The  Western Australian dispute over the banning of a planned production of Bizet’s Carmen because Act One of the opera (composed in 1875) is staged in a cigarette factory - see previous blogs - has been heating up.

According to reports, the Western Australian government has insisted that Australia’s “Healthway”  health promotion agency - which was  responsible for financing the cancellation of the production -  must withdraw its bribe, which has been causing an international outcry. The performances, it has been decreed, must be allowed to go ahead, even though the state opera company, it seems, was perfectly happy to accept the cash to withdraw them.

The health organisation has agreed to back down, even although it is continuing to claim that the performances could be a bad influence on people’s smoking habits, and - at least for the moment - the opera company has said it is happy to restore Carmen, widely considered the most popular opera ever written, to its schedule.

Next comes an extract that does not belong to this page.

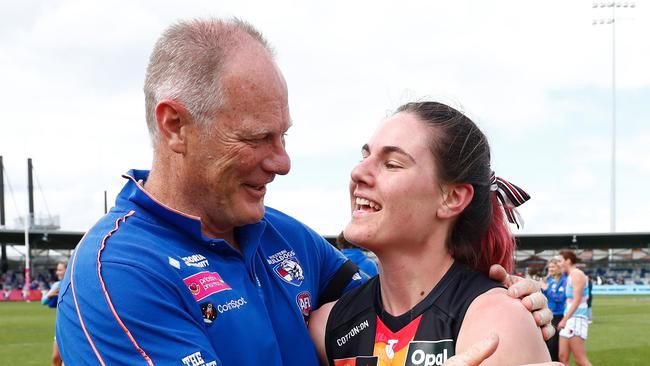 Nathan Burke with his daughter Alice, who plays for the Saints. Picture: Getty Images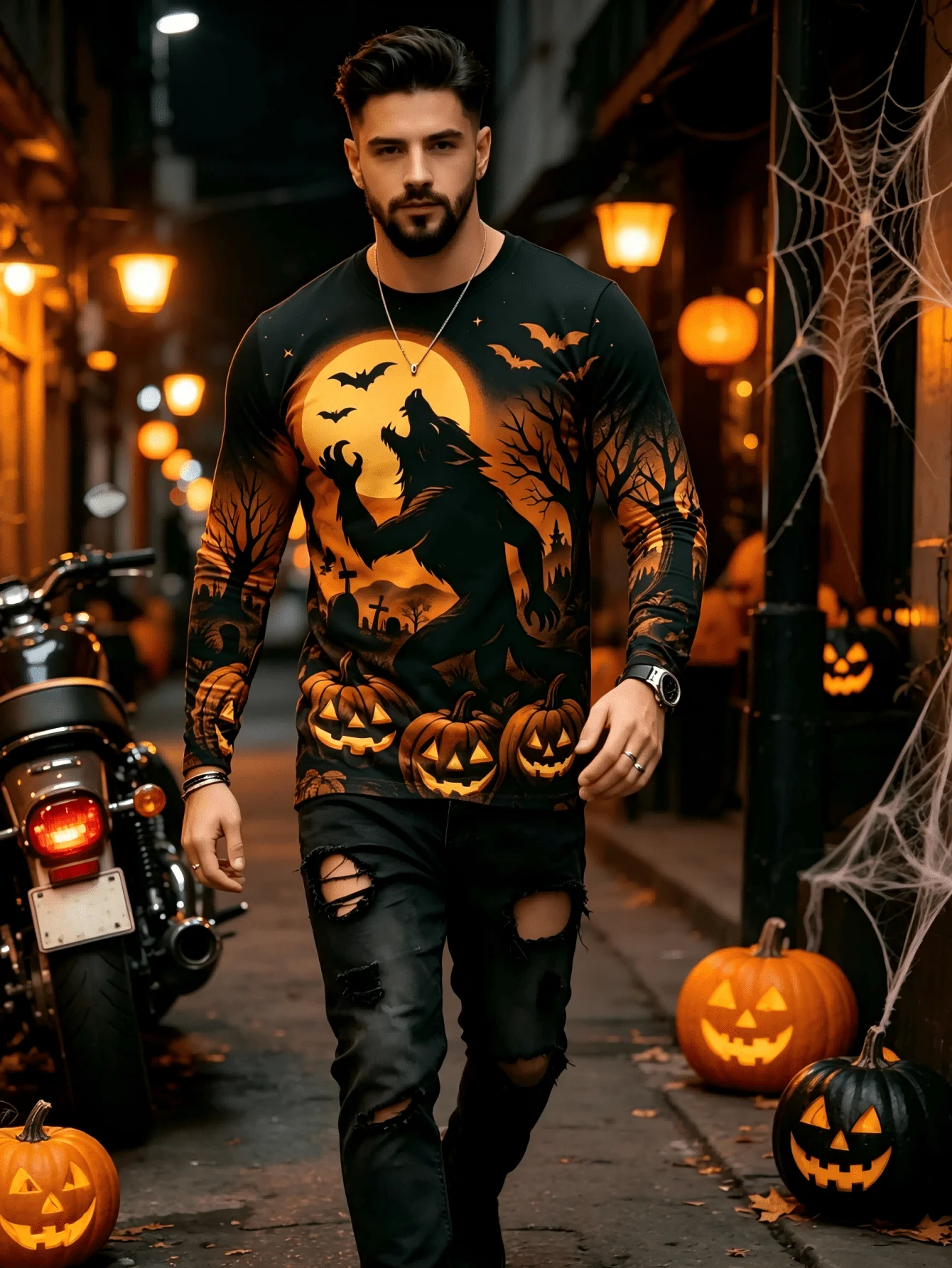 Men Long Sleeve T‑Shirt Werewolf Moon Bat Pumpkin Tomb Print Crew Neck Halloween Horror Casual Tops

Meanwhile operatic plans for the Edinburgh Festival - where one of the greatest and costliest productions of Carmen was staged at the King’s Theatre in 1977 with Teresa Berganza and Placido Domingo in the leading roles and Claudio Abbado as conductor - are evidently proceeding smoothly with news of Ivan Fischer’s revolutionary Budapest staging, or semi-staging, of  The Marriage of Figaro, a work whose success in the 1780s was also endangered politically, though perhaps for less trivial reasons.